Threat Landscape Summary (May 26 – June 2, 2025)
I. EXECUTIVE SUMMARY
This report analyzes the cybersecurity threat landscape observed between May 26th and June 2nd, 2025. The week was characterized by significant activity across multiple threat vectors, featuring:
Key Highlights
Major Healthcare Sector Breaches : Data breaches impacting healthcare providers through third-party vendors, affecting hundreds of thousands of individuals
Continued Ransomware Evolution : Discovery of new ransomware strains and disruptive attacks on critical infrastructure
State-Aligned Espionage : Russian-linked group targeting Tajikistan with novel attack chains
Supply Chain Vulnerabilities : Critical vulnerabilities in widely-used software and development ecosystems
Critical Incidents
Ascension Healthcare : 437,329 individuals affected via third-party vendor vulnerability
Catholic Health : 483,000+ individuals impacted through vendor database misconfiguration
Kettering Health : Major ransomware attack causing system-wide outages
Adidas : Customer data breach via third-party service provider
Priority Actions Required
Organizations must prioritize:
Strengthening third-party risk management
Accelerating vulnerability patching
Enhancing defenses against phishing and supply chain attacks
Improving ransomware resilience
Addressing insider threats
II. GLOBAL CYBER THREAT LANDSCAPE OVERVIEW
Ransomware Evolution
Ransomware remained a significant disruptive force, demonstrating resilience despite recent law enforcement actions:
Active Threats:
Kettering Health Attack : Severe ransomware attack by Interlock (Nefarious Mantis) group causing system-wide outages
New Ransomware Strains Identified :
Lyrix Ransomware : Python-based, uses PyInstaller packaging, advanced Windows evasion techniques
RedFox Ransomware : File encryption with “.redfox” extension, data leak threats
ChronoLock Ransomware : Hybrid AES-RSA encryption, targets network shares and backups
Key Observations:
Ransomware-as-a-Service (RaaS) model continues to facilitate new actor entry
Focus on critical sectors with sensitive data and continuous IT operations
Enhanced evasion techniques and rapid encryption capabilities
Supply Chain and Cloud Security Risks
Third-Party Vendor Vulnerabilities: Multiple significant breaches originated from third-party service providers:
Adidas (customer service provider compromise)

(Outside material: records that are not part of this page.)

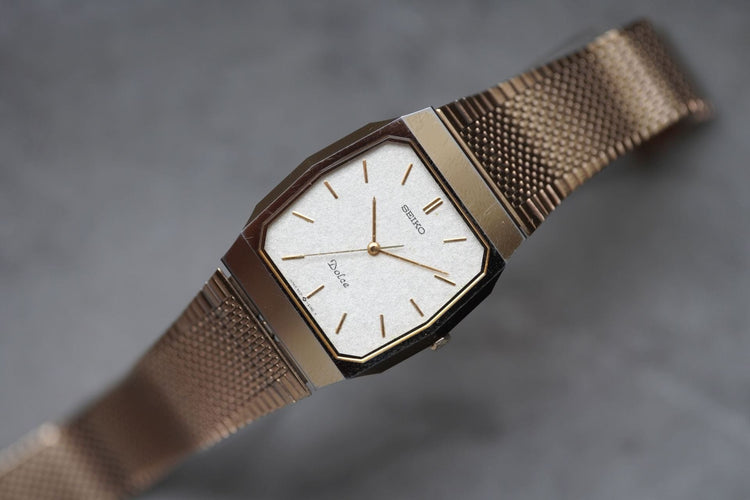 Montre Seiko Dolce 9531-5150 58 Facettes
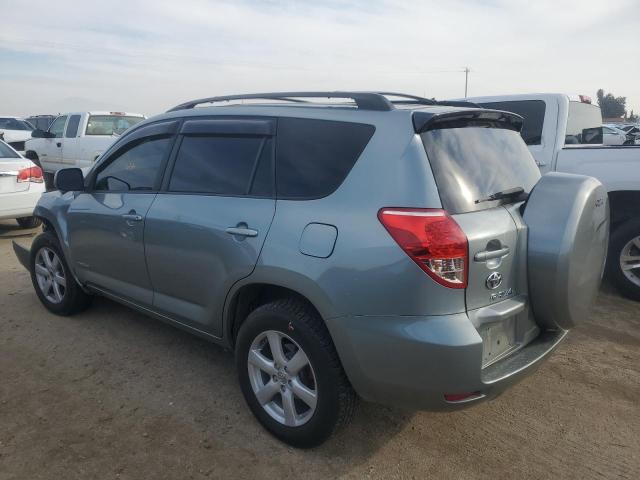 Photo 3 from auction – 2007 TOYOTA RAV4 LIMIT with VIN JTMZK31V076009267
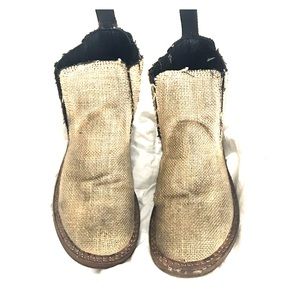 Bed Stu Cobbler series boots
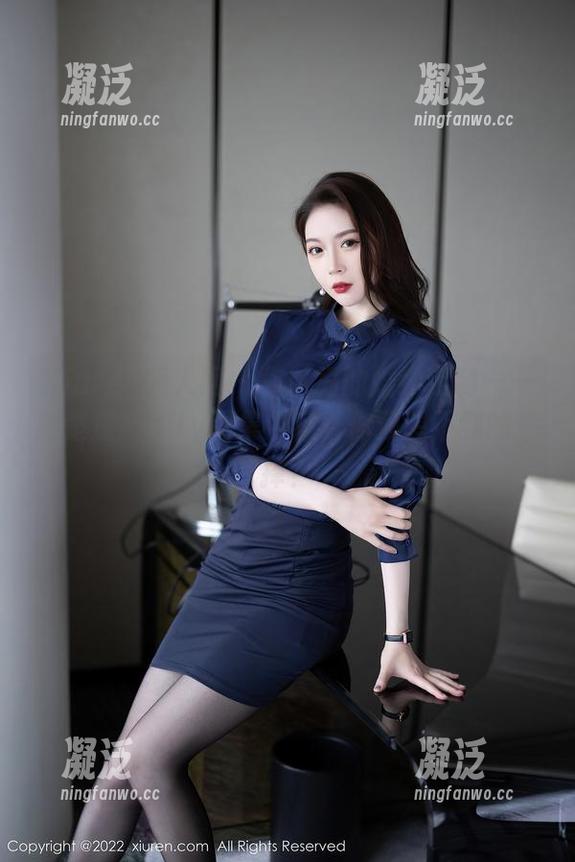 Xiuren秀人网 - 你以为的婚纱定制——顾楚楚Maily图集中藏着你预想不到的选择？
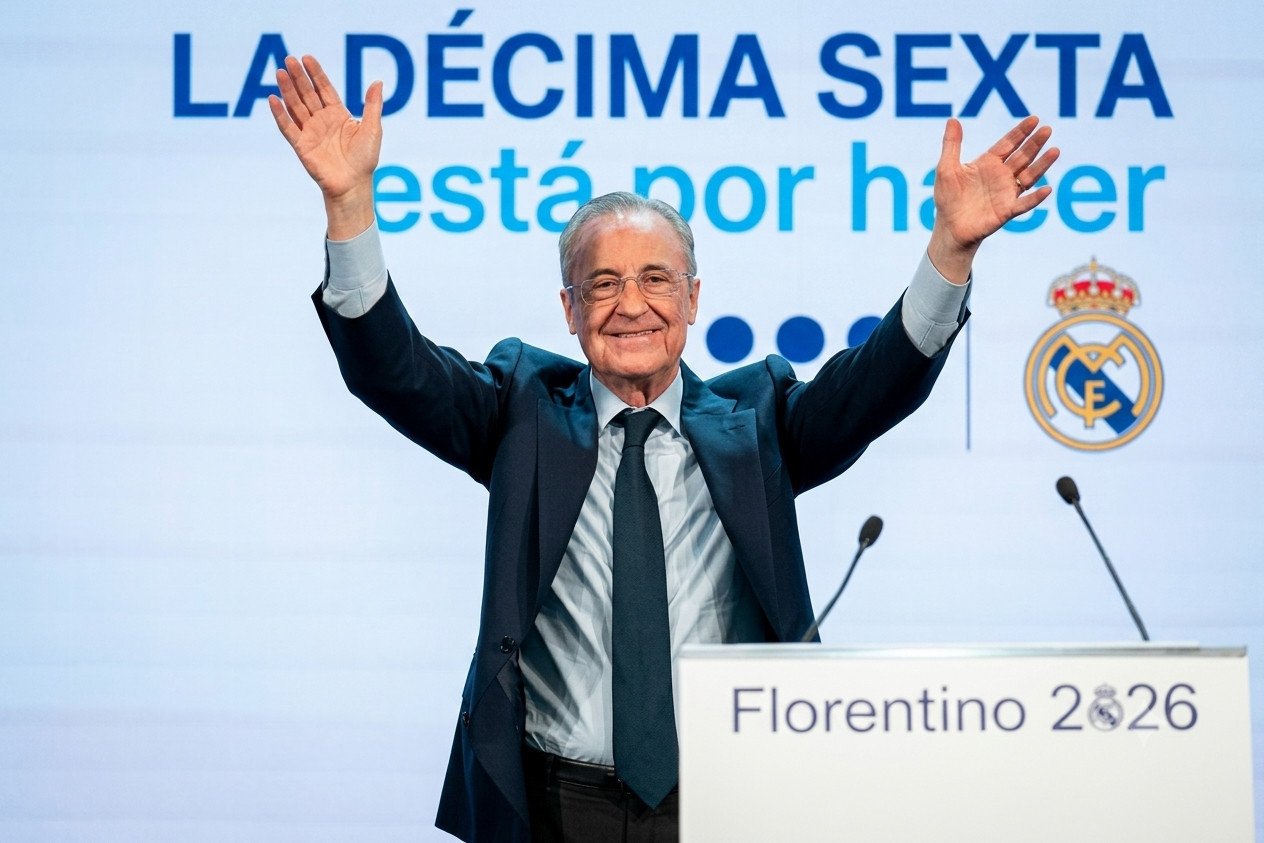 Florentino Perez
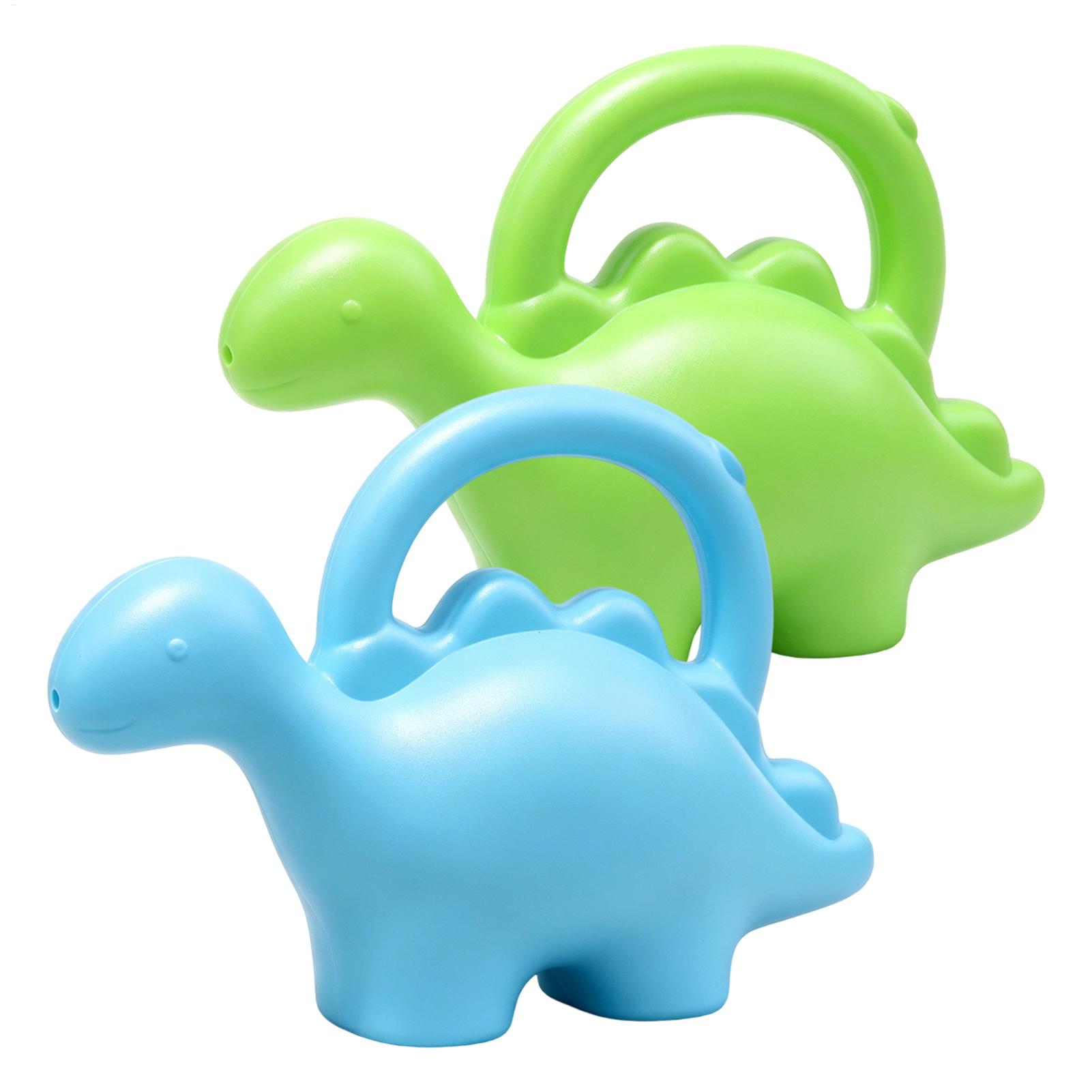 Dinosaur Watering Can 1.5L Kid - Gardening Tools Cute 评论和价格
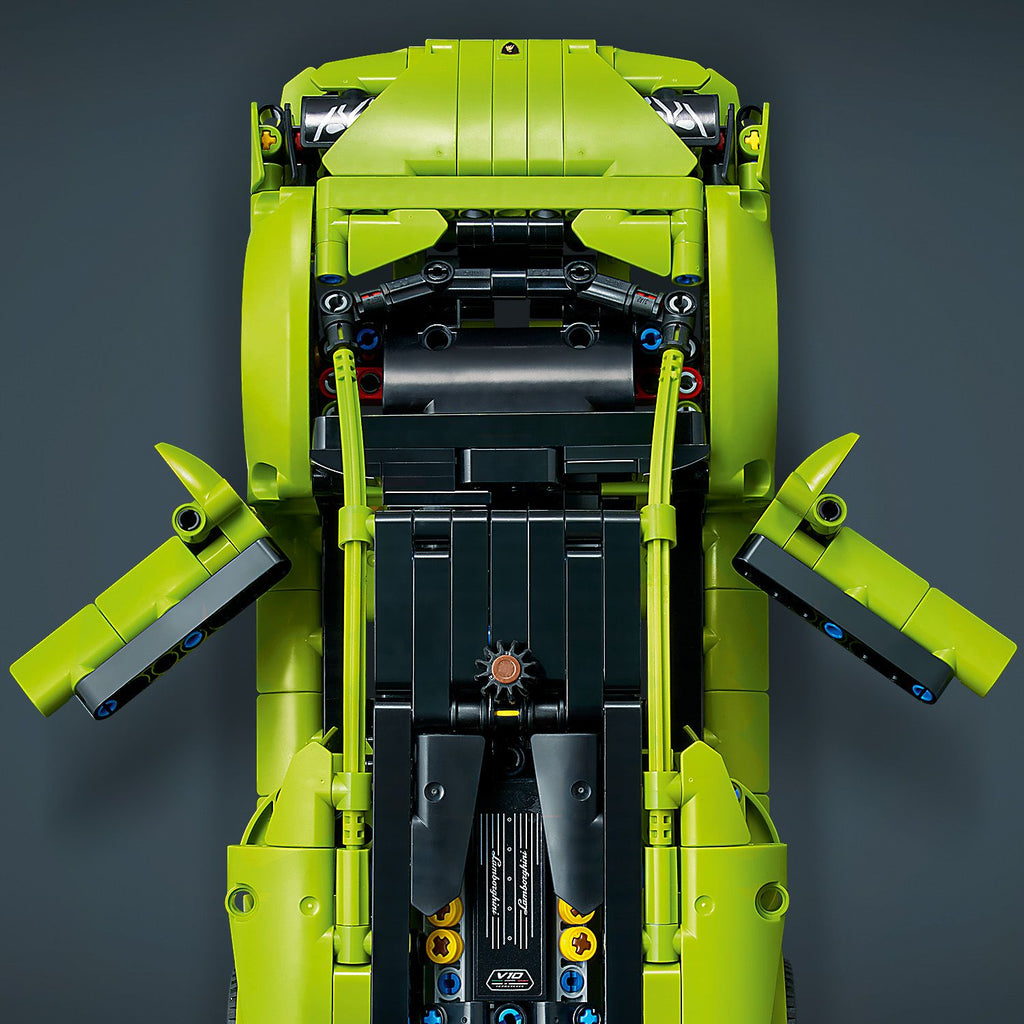 LEGO? Technic Lamborghini Hurac¨¢n Tecnica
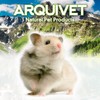 Arquivet Wooden Rodent House Medium 28 x 18 x 16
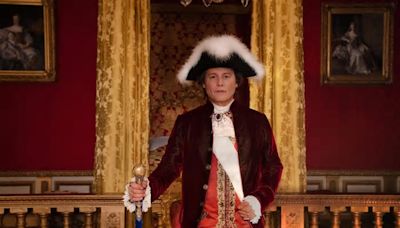 Former pirate Johnny Depp returns to the screen as King Louis XV. But will audiences care?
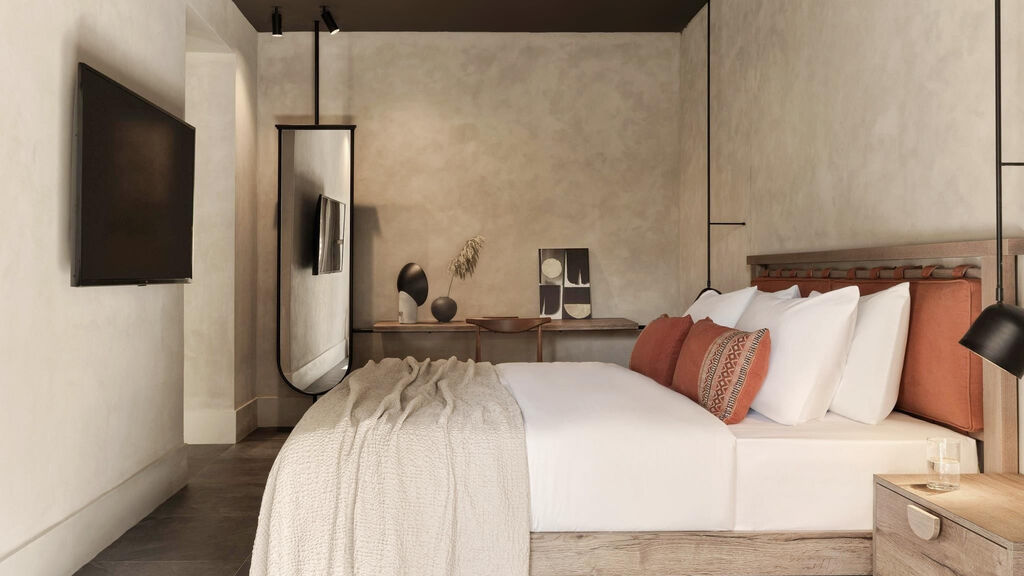 Lindian Village Rhodes Beach Resort Curio by Hilton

Ascension (former partner software vulnerability)
Harbin Clinic (debt collection agency NRS)
Catholic Health (Serviceaide database misconfiguration)
Software Supply Chain Threats:
NPM Registry Compromise : 60 malicious packages discovered containing data theft scripts
Packages designed to steal system information from developer environments
Exploitation of trust in package managers for malware distribution
Cloud Infrastructure Implications:
Serviceaide’s misconfigured Elasticsearch database affecting Catholic Health
Emphasis on secure cloud configuration and management
Need for comprehensive Third-Party Risk Management (TPRM) programs
III. NOTABLE INCIDENTS AND DATA BREACHES
Major Healthcare Sector Breaches
Ascension Data Breach
Impact : 437,329 individuals affected
Cause : Software vulnerability in former third-party business partner
Data Exposed : Names, addresses, SSNs, extensive medical and insurance information
Location : Missouri-based healthcare provider
Catholic Health / Serviceaide Data Leak
Impact : 483,000+ individuals potentially affected
Cause : Publicly accessible Elasticsearch database managed by vendor Serviceaide
Timeline : September-November 2024 exposure period
Data Exposed : Names, SSNs, medical information, login credentials
Harbin Clinic / NRS Breach
Impact : ~210,140 patients affected
Cause : July 2024 cyberattack on Nationwide Recovery Services (NRS)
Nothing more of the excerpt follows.